Bir kültürel özellik olarak saygı, sevgi, itaat, teslimiyet, genelde Doğu toplumlarının özelde ise İslam ve Türk toplumunun önem verdiği değerler ve kavramlar arasında yer alır. Türklerin devlet geleneğinde başkan seçilen kişinin mutlak hâkimiyeti, diğer tebaa tarafından kabul edilir ve onun emirleri sorgulanmadan yerine getirilirdi. Yine İslamiyet öncesi Türk kültüründe aile büyüklerine mutlak itaat kültürel bir mecburiyetti. Belki de bu özelliklerden dolayı savaşlarda başarılar elde etme, devlet kurma, devlet kurumlarının işletilmesi gibi hususlarda çok büyük ve önemli başarılar elde edilmiştir.
İslamiyet’in kabulünden sonra Anadolu’nun Türkleşmesi ve İslamlaşmasıyla itaat kültürü iyice kurumsallaşmıştır. Teslimiyet kültürü, hem devlet idaresinde hem de geleneklerin hâkim olduğu sosyal hayatta etkisini sürdürmüştür. Özellikle devlet idaresinde devletin toplum için yaptığı uygulamalar sorgulanamaz, vatan sağ olsun ifadesiyle tüm uygulamalar kabul edilir ya da sineye çekilirdi. Şeyh Edebali, Osman Bey’e nasihat ederken çok önemli hususlara dikkat çekmekte ve ana, babaya itaatle ilgili şu vecizeleri dile getirmekteydi.

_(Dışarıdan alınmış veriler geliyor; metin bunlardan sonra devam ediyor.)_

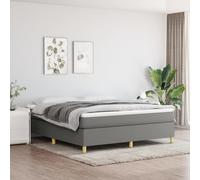 Sommier à Lattes de Lit avec Matelas, Lit Rembourré, Lit Double, Lit Adulte de Chambre à Coucher Intérieur, Moderne, Gris Foncé 180x200cm Tissu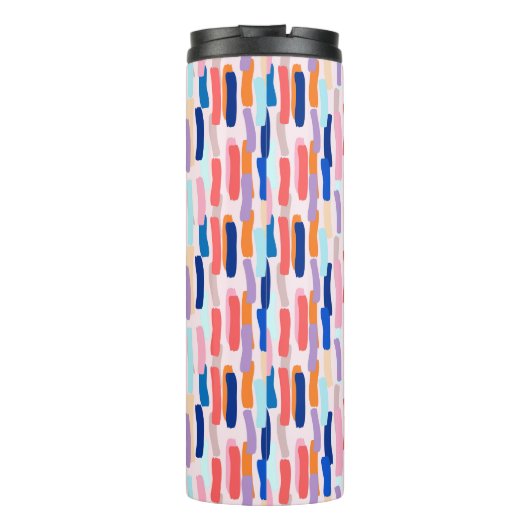 Farbenfrohe Pinselstriche Thermosbecher (Rückseite)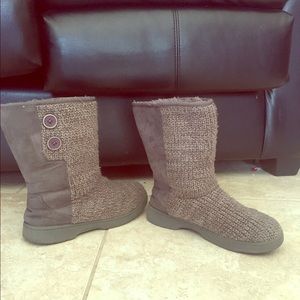 Grey Knitted Button Boots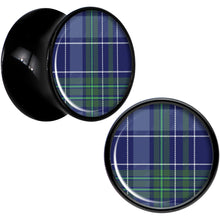 Load image into Gallery viewer, Holiday Blue Green Plaid Black Acrylic Saddle Plug Set Sizes 5mm to 20mm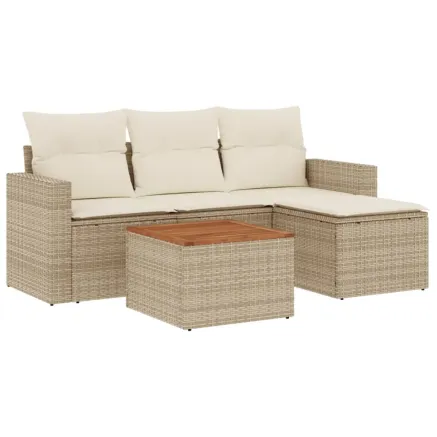 Salon de jardin avec coussins 5 pcs beige résine tressée 2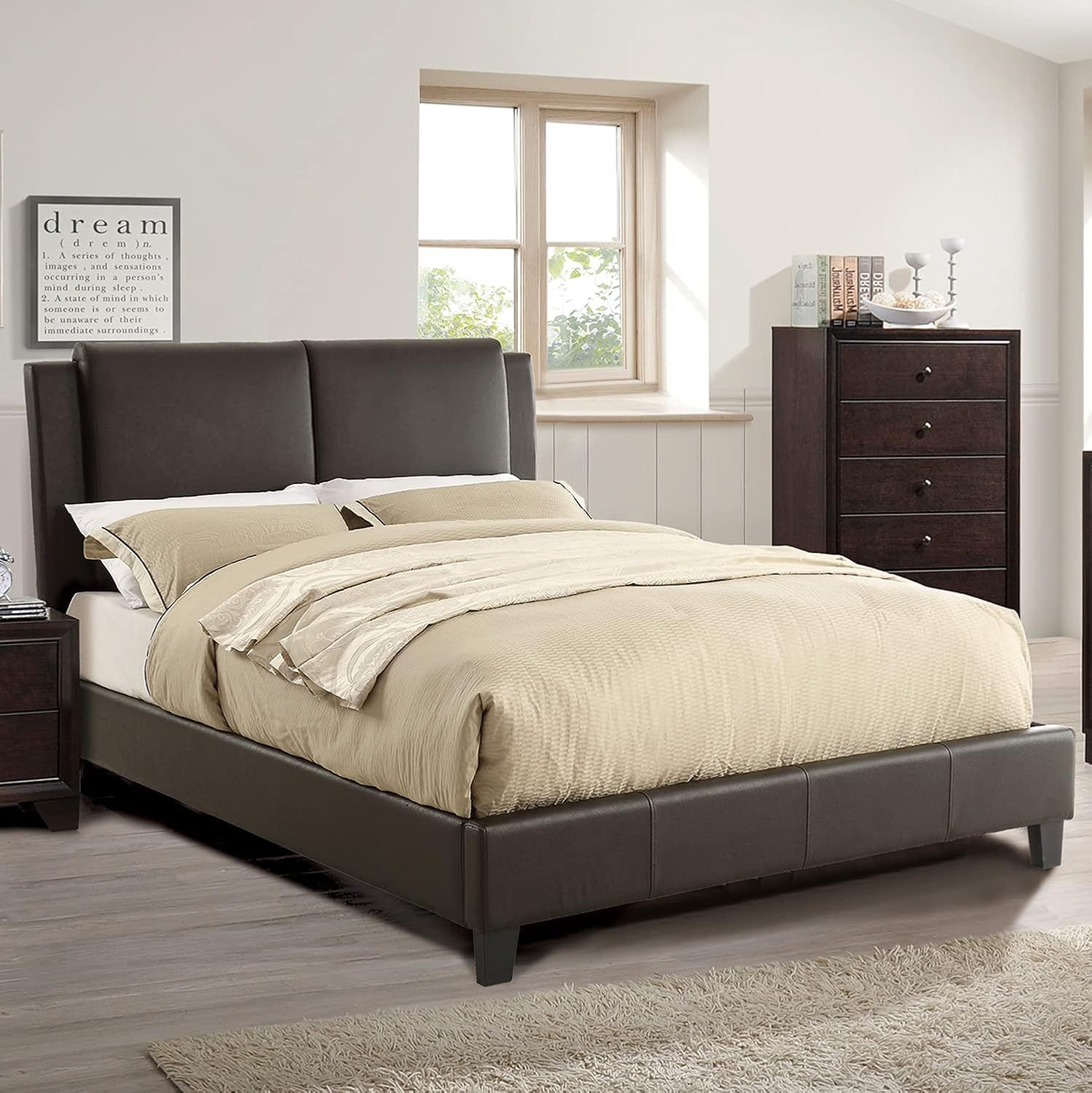 Brown Faux Leather Upholstered King Bed with Cushioned Headboard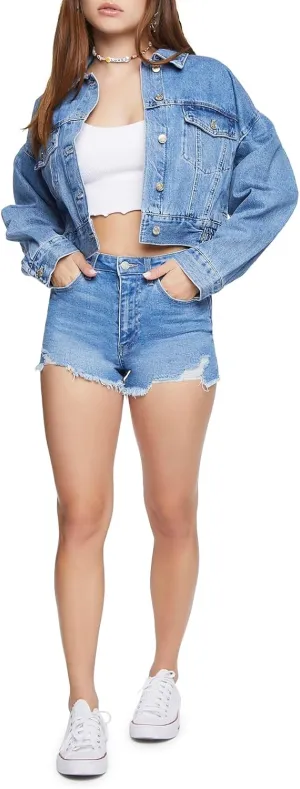 Forever 21 Women's Cropped Denim Trucker Jacket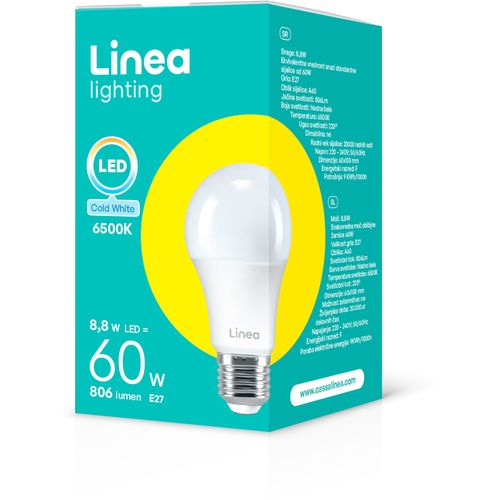 Linea LED sijalica 8,8W(60W) A60 806Lm E27 6500K slika 3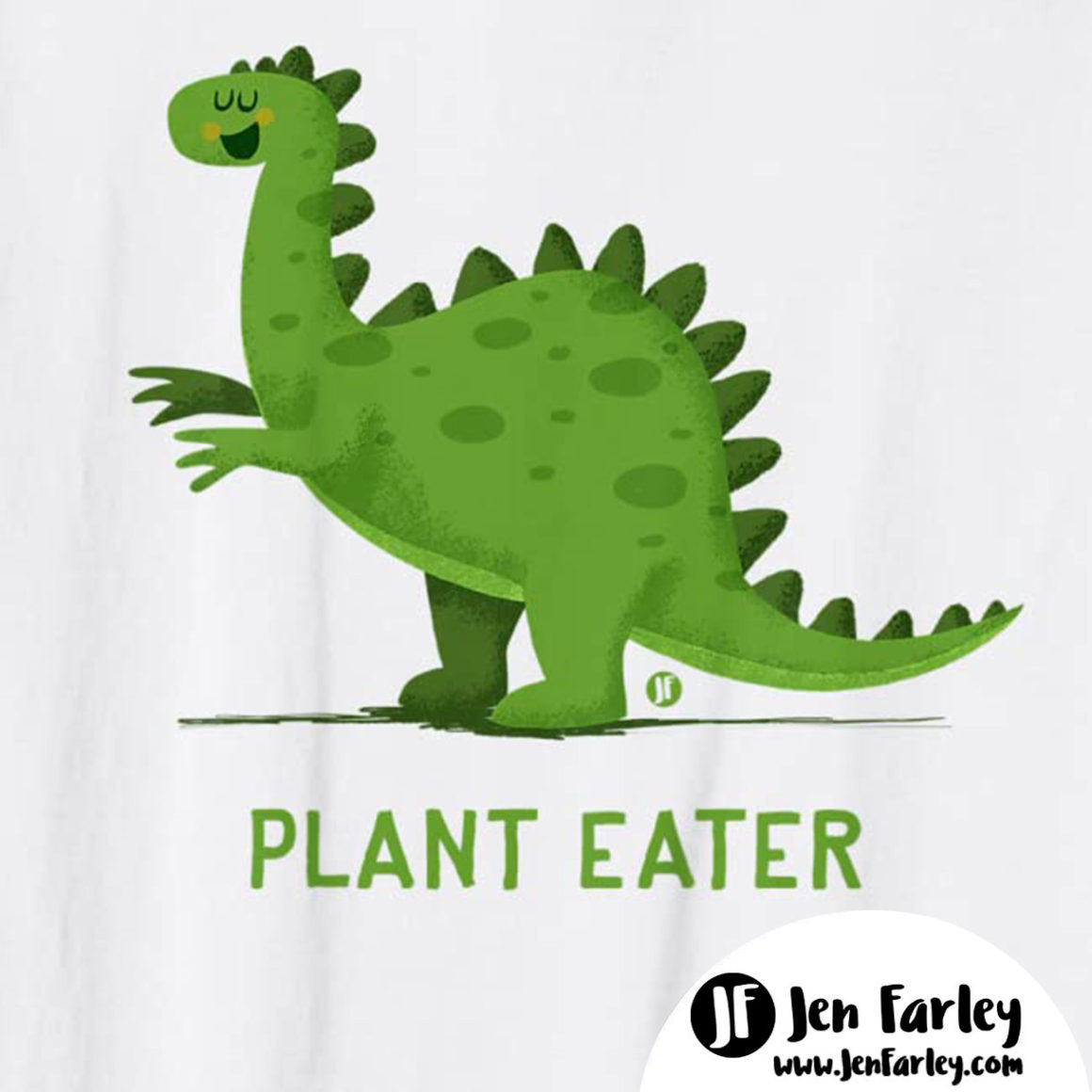 Dinosaur Vegetarian Plant Eater white closeup Jennifer Farley 1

Ey oğul! Ananı, atanı say!
Bereket büyüklerle beraberdir.
Bu uygulamalar, öncelikle ve özellikle Batı kültürünün ortaya çıkardığı bireysellik, özgürlük, bağımsızlık, eleştirel düşünce, özgünlük gibi albenisi olan sözcüklerle tartışmaya açılmıştır. İnsanlar, özellikle Batı kültürünü takip eden Osmanlı burjuvazisi ve Jönleri kendi devletlerinin uygulamalarını ve kültürel değerlerini sorgulamaya başlamışlardır.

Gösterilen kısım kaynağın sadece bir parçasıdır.